You mention that the CatR+ host bacteria (without the SacB-containing plasmid) died when it was grown with 10% sucrose and chloramphenicol. This is not a 'good' result from what I understand. To use this protocol, a cell should only die in sucrose if they contain the SacB gene from the plasmid. Why did your host bacteria die with sucrose, if not due to the SacB gene?

Try Gibson cloning. It saves time and money, and is more simple that all of this.
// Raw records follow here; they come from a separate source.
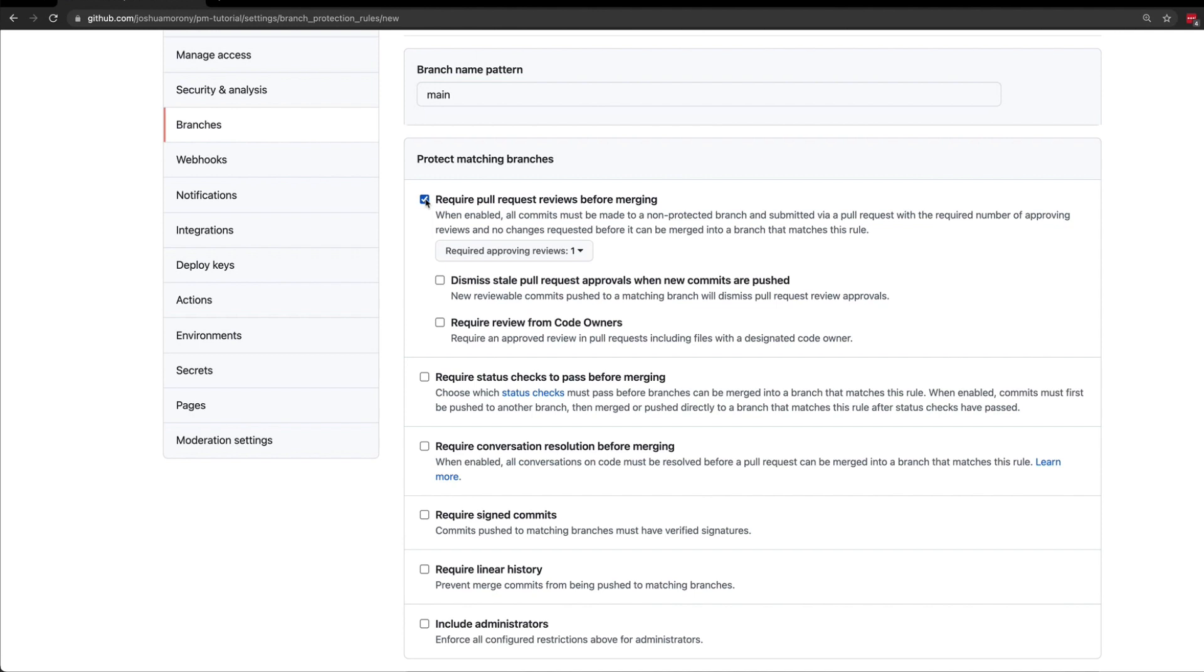So what this is going to do is enforce that for any code that is being merged into main, it is going to have to have a pull request, and that pull request is going to have to be reviewed by someone before it can be merged into the main branch.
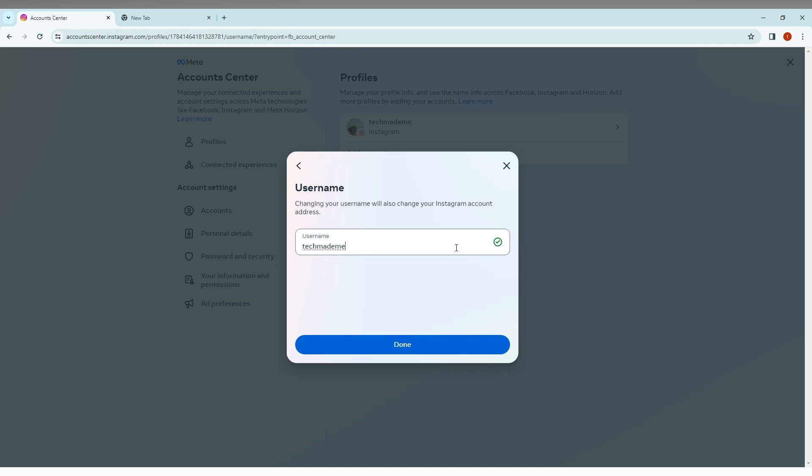So changing your username will also change your Instagram account address. You can see information about it, and you can just change it. After changing, click Done. If you need to cancel it, just click on this X mark, so it's canceled.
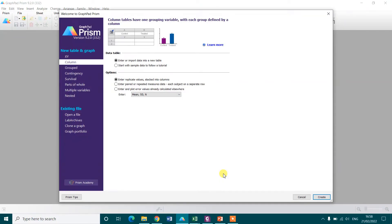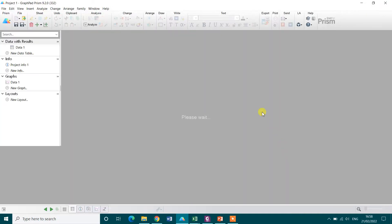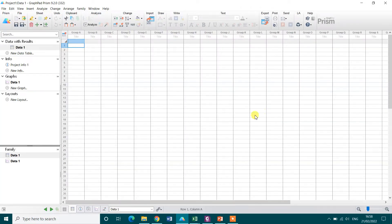Now to perform the one sample t-test, just click on this column option and then click on create. A new datasheet will be open.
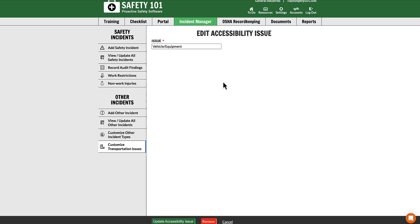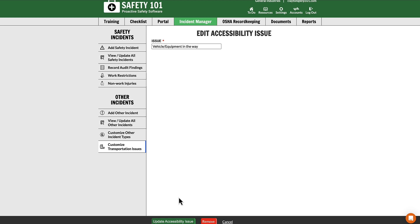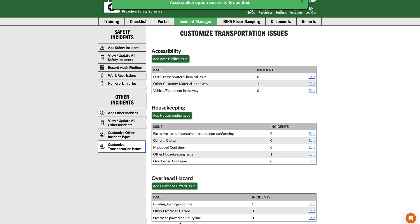In the issue box, make your change. Once complete, select the Update button at the bottom of the screen, and you have successfully updated your custom transportation issue.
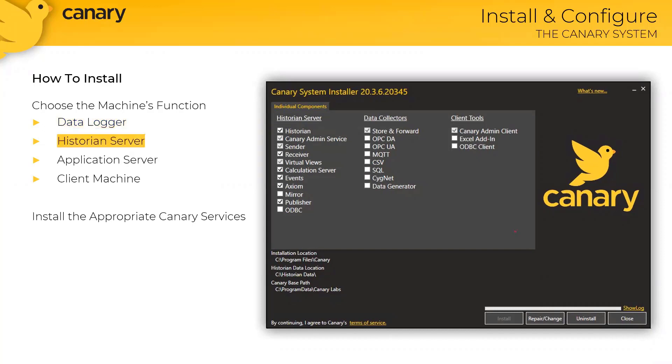An installation for a historian server would result in some different components being applied. Once you've selected the appropriate individual components for the corresponding machine, simply click install in the bottom right-hand corner. And the entire process takes less than five minutes to run.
@Nicole Wheatley: I believe the system the poster is using is an antibiotic free selection system where plasmid transformation suppresses expression of chromosomal sacB leading to survival on sucrose. This isn't my field but a lot of regulatory agencies don't like the idea of using antibiotic selection for anything that might be used for human consumption, so there are a lot of systems out there based on conditionally lethal genes or nutritional selection in minimal media.

@Januar Ishak

Honestly if you have colonies my first guess would simply be that your colony PCR isn't working and you should just try miniprepping some colonies and digesting them with a restriction enzyme, I'd try that before troubleshooting the selection itself. Colony PCR is a quick and dirty method and it's pretty failure prone.

@alexandra Johnson: Yes, I now see that he says the SacB is on the host chromosome. I've only ever seen SacB systems with SacB in the plasmid.

Sorry for the confusion Januar Ishak~!